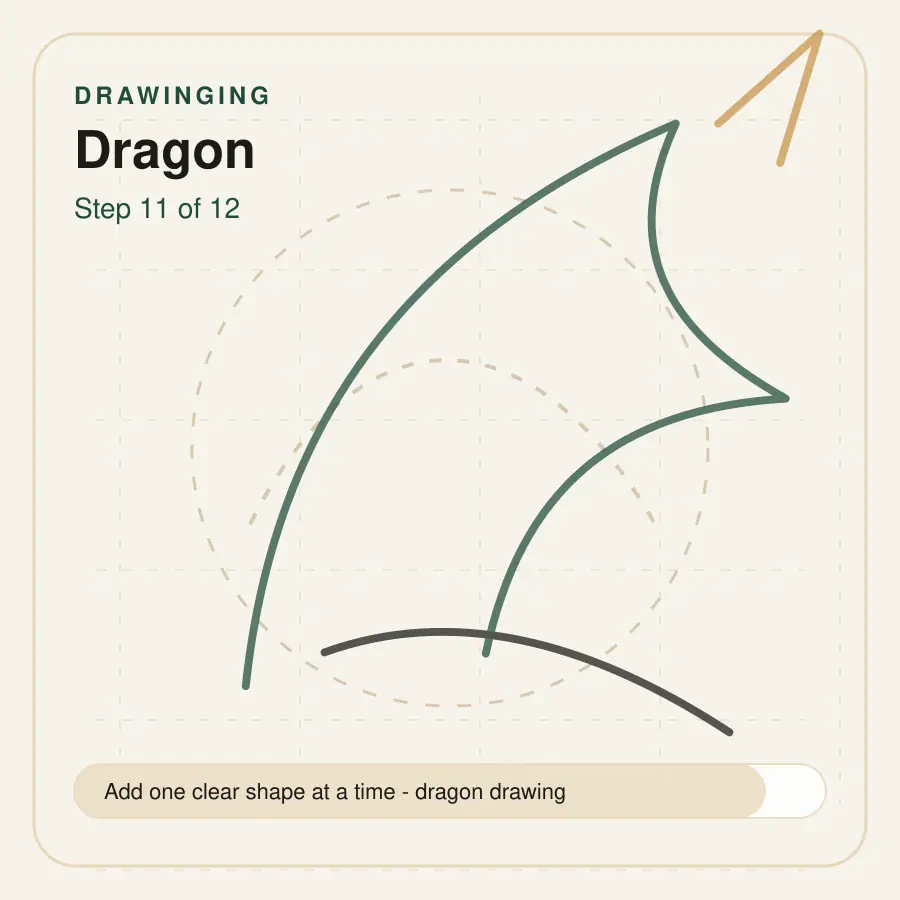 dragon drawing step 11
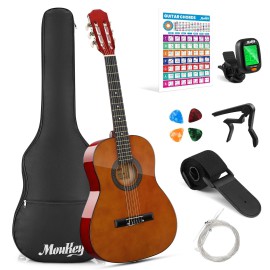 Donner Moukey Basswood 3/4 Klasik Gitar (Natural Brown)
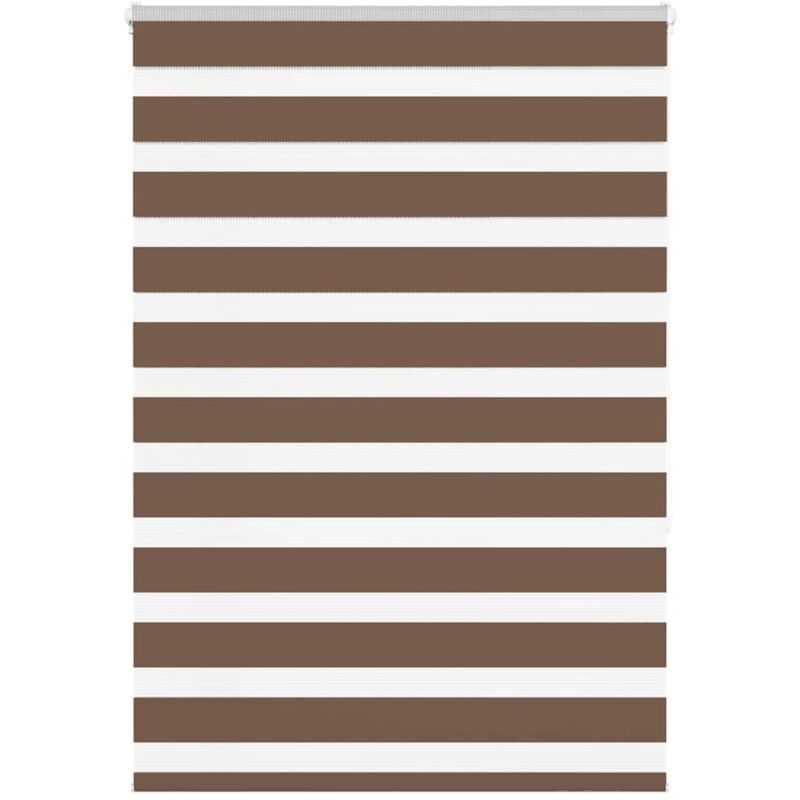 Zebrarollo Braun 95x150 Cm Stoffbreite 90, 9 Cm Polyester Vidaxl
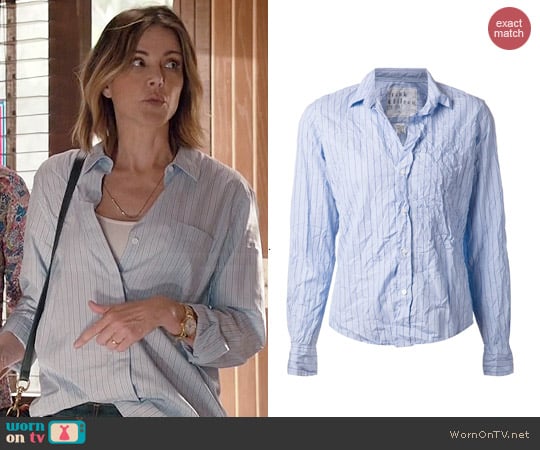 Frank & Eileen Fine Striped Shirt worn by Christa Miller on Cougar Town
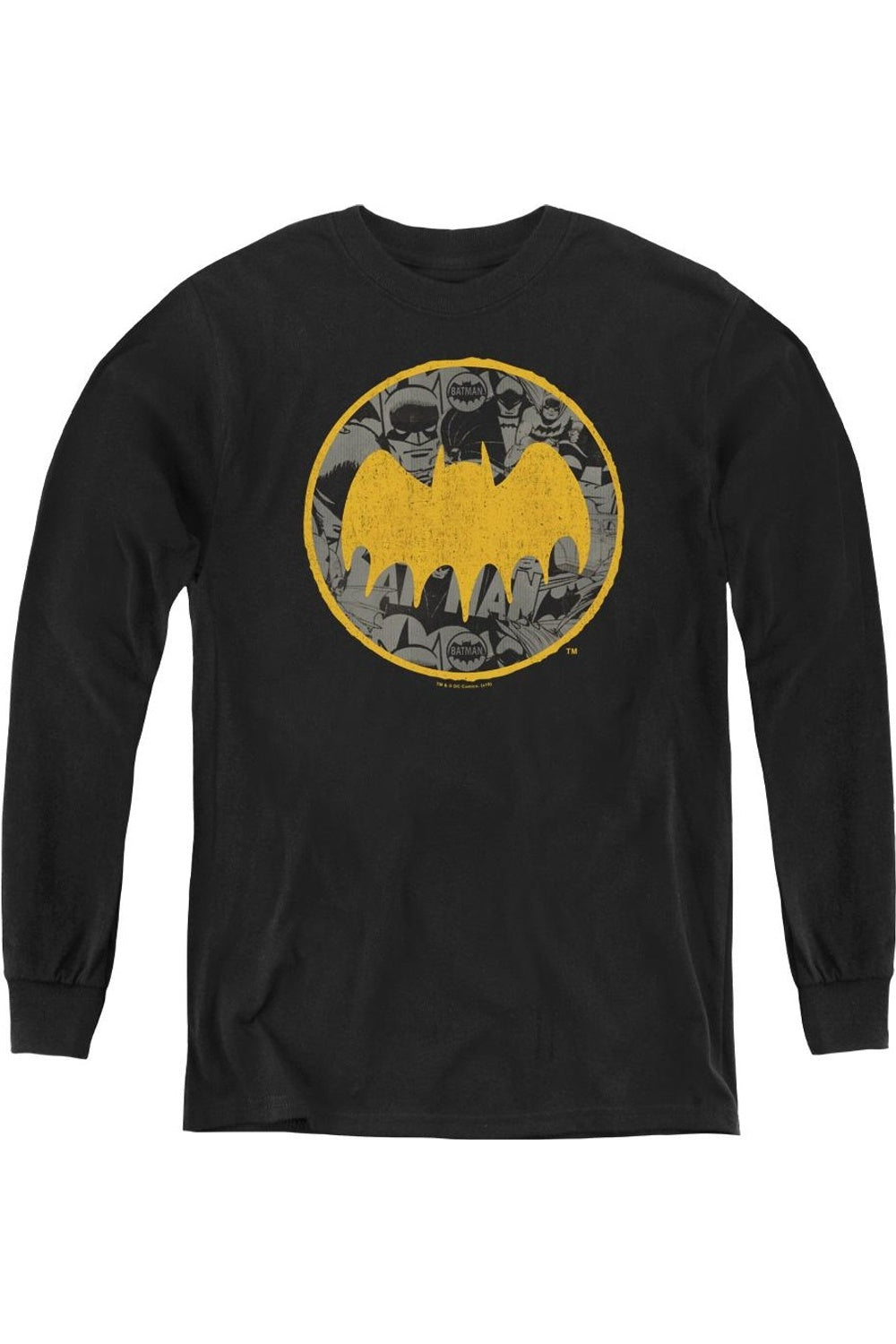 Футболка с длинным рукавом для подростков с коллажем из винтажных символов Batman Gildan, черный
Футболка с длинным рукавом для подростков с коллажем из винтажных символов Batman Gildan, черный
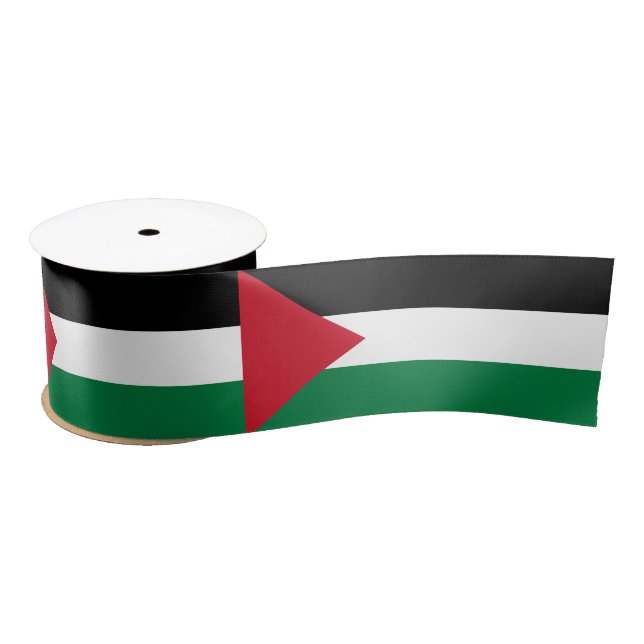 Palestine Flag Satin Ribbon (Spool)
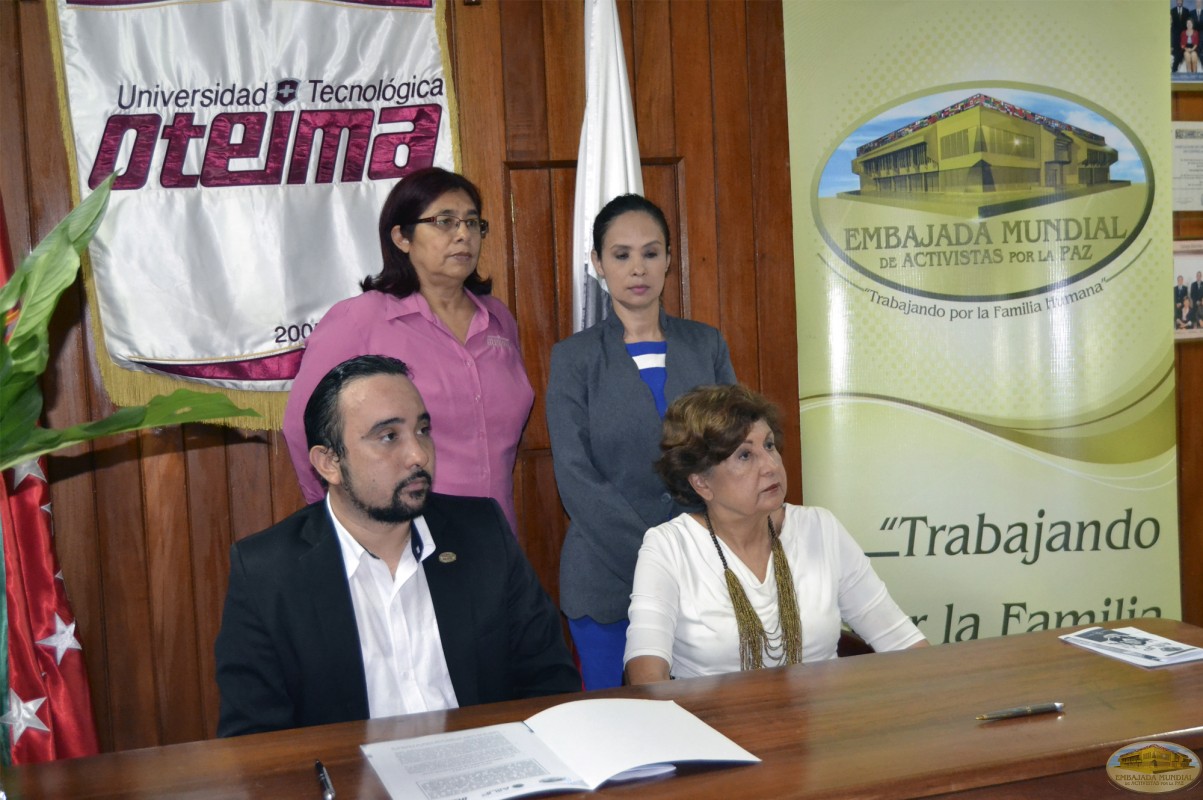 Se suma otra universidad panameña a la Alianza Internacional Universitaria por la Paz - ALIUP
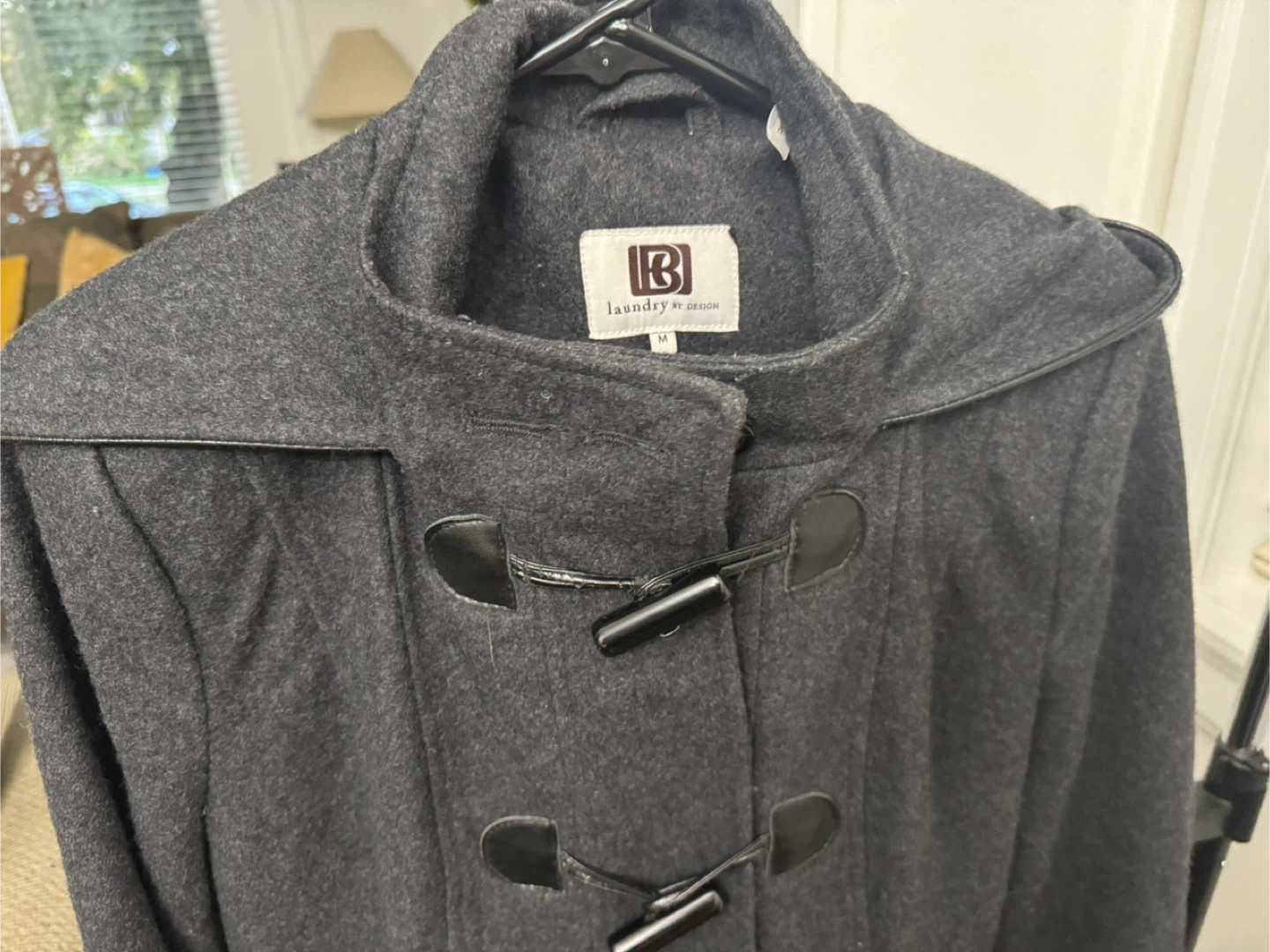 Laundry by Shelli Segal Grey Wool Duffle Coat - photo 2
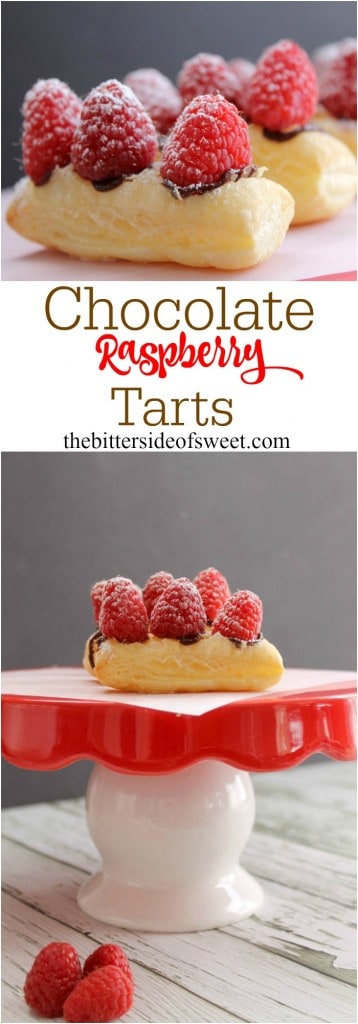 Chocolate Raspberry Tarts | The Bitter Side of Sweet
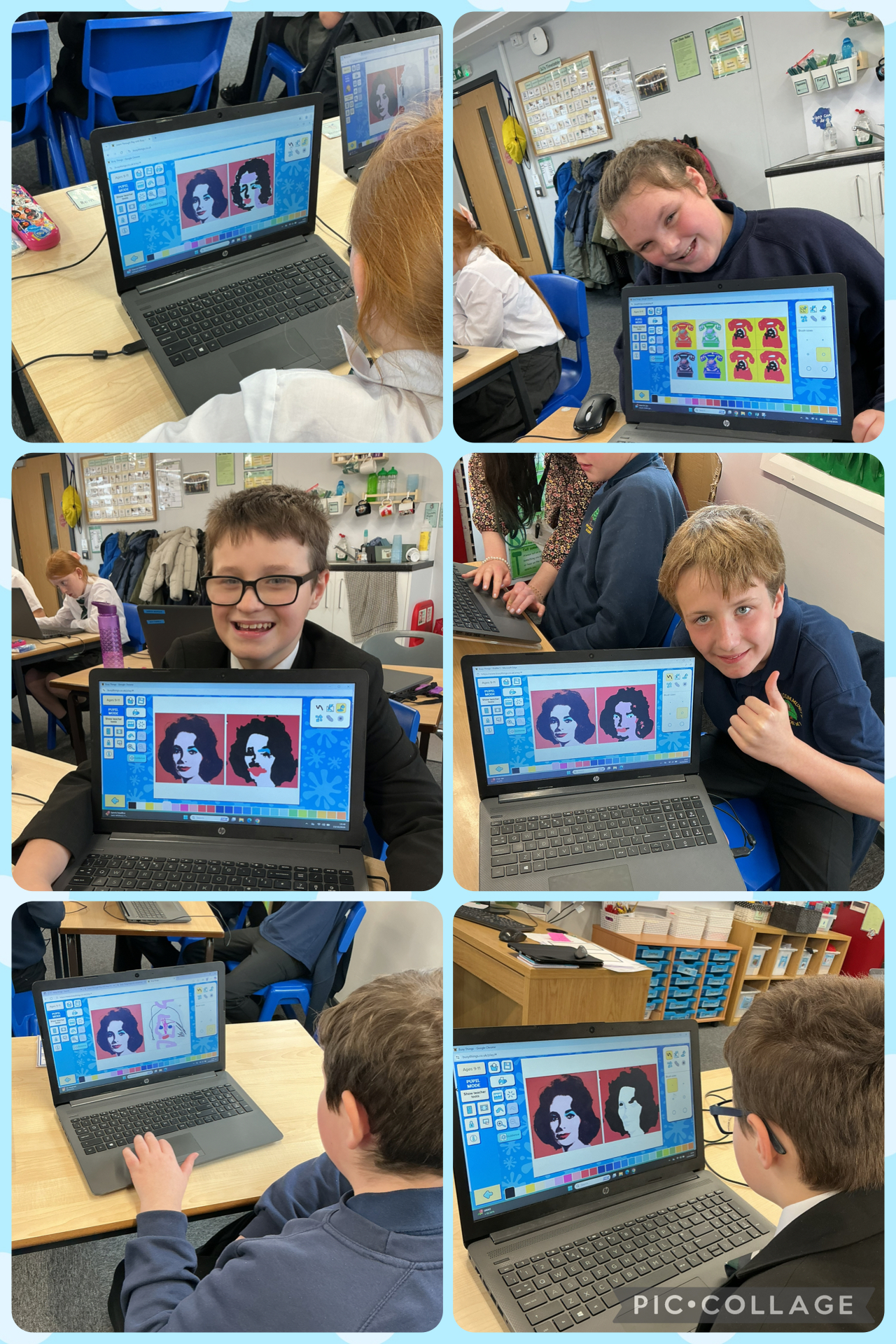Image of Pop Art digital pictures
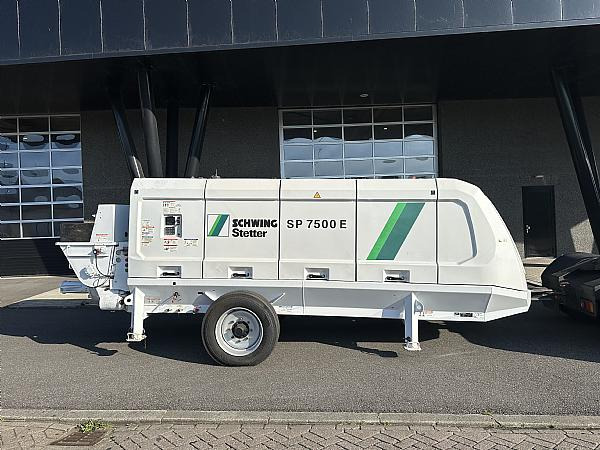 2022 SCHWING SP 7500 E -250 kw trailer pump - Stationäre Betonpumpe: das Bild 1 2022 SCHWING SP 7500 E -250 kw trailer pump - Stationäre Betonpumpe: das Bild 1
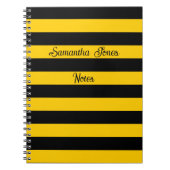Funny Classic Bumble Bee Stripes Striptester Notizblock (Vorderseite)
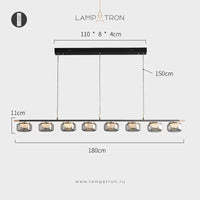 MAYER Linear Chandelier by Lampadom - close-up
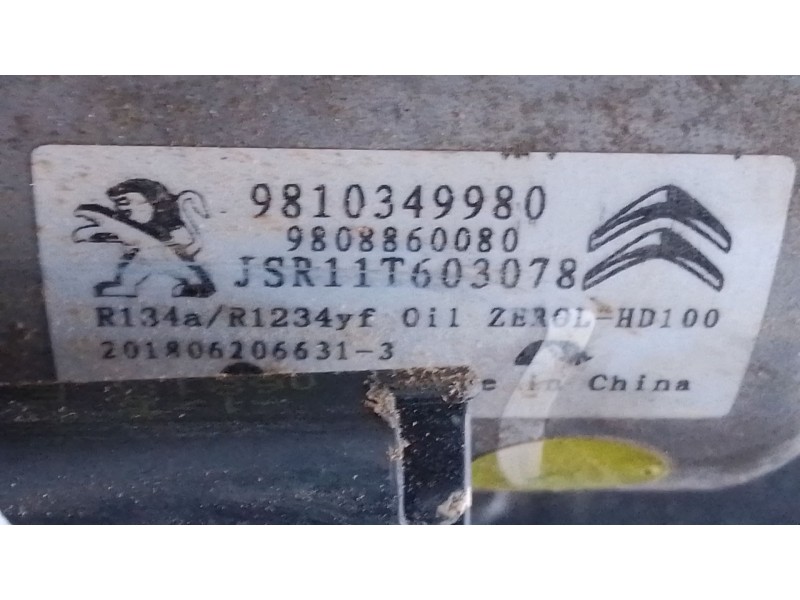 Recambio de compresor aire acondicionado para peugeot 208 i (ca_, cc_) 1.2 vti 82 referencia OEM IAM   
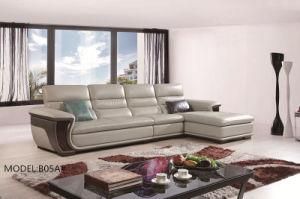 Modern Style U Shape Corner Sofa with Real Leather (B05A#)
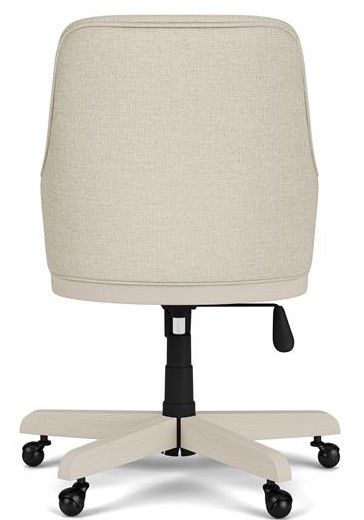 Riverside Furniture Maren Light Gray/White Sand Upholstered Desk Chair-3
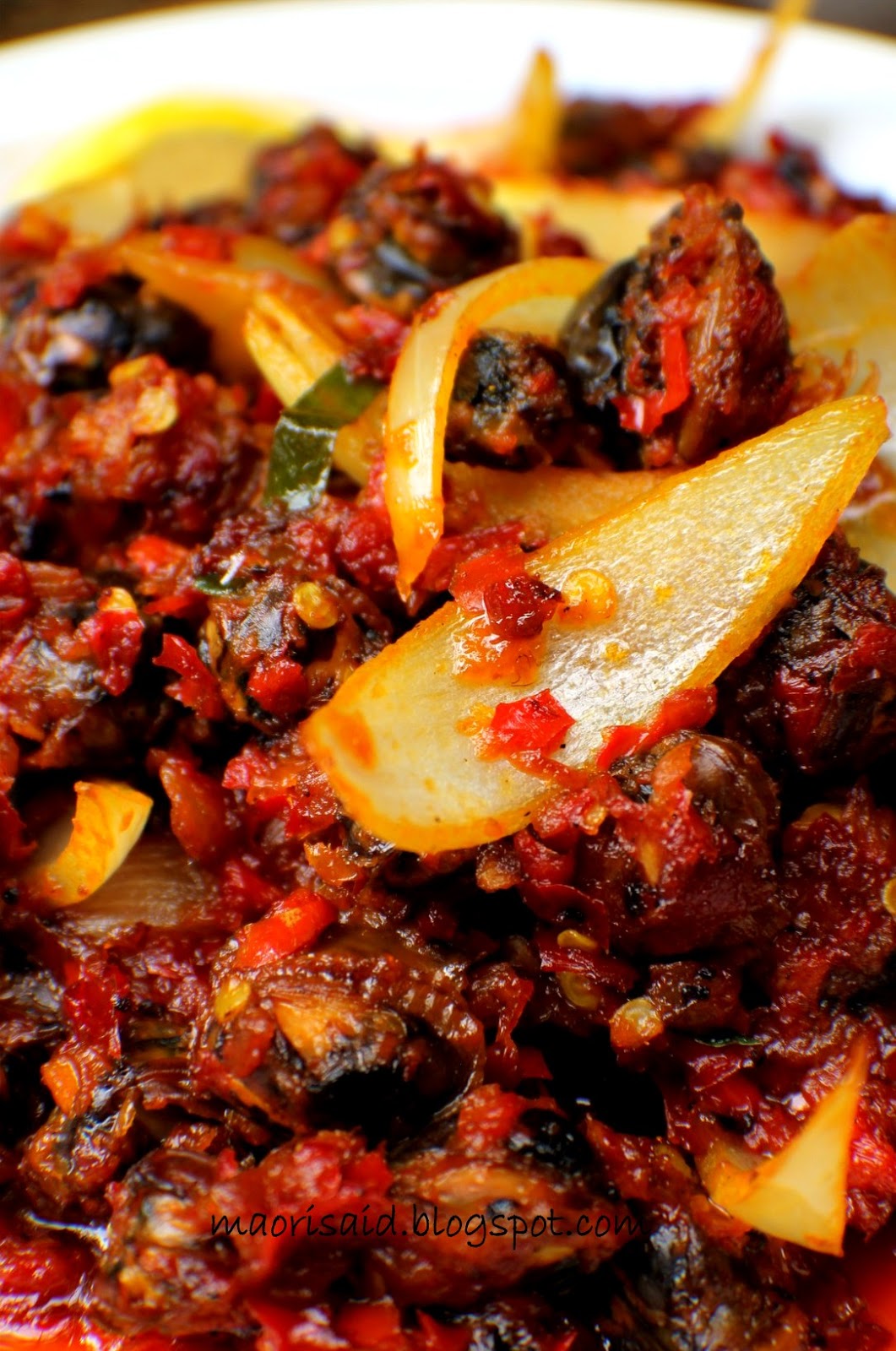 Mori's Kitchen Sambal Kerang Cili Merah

> **Exercise objective**
The whole listing above should be restated word for word, minus any images.

> **Task output**
 dragon drawing step 11
 Donner Moukey Basswood 3/4 Klasik Gitar (Natural Brown)
 Zebrarollo Braun 95x150 Cm Stoffbreite 90, 9 Cm Polyester Vidaxl
 Frank & Eileen Fine Striped Shirt worn by Christa Miller on Cougar Town
 Футболка с длинным рукавом для подростков с коллажем из винтажных символов Batman Gildan, черный
Футболка с длинным рукавом для подростков с коллажем из винтажных символов Batman Gildan, черный
 Palestine Flag Satin Ribbon (Spool)
 Se suma otra universidad panameña a la Alianza Internacional Universitaria por la Paz - ALIUP
 Laundry by Shelli Segal Grey Wool Duffle Coat - photo 2
 Chocolate Raspberry Tarts | The Bitter Side of Sweet
Image of Pop Art digital pictures
 2022 SCHWING SP 7500 E -250 kw trailer pump - Stationäre Betonpumpe: das Bild 1 2022 SCHWING SP 7500 E -250 kw trailer pump - Stationäre Betonpumpe: das Bild 1
Funny Classic Bumble Bee Stripes Striptester Notizblock (Vorderseite)
 MAYER Linear Chandelier by Lampadom - close-up
 Recambio de compresor aire acondicionado para peugeot 208 i (ca_, cc_) 1.2 vti 82 referencia OEM IAM   
 Modern Style U Shape Corner Sofa with Real Leather (B05A#)
 Riverside Furniture Maren Light Gray/White Sand Upholstered Desk Chair-3
 Mori's Kitchen Sambal Kerang Cili Merah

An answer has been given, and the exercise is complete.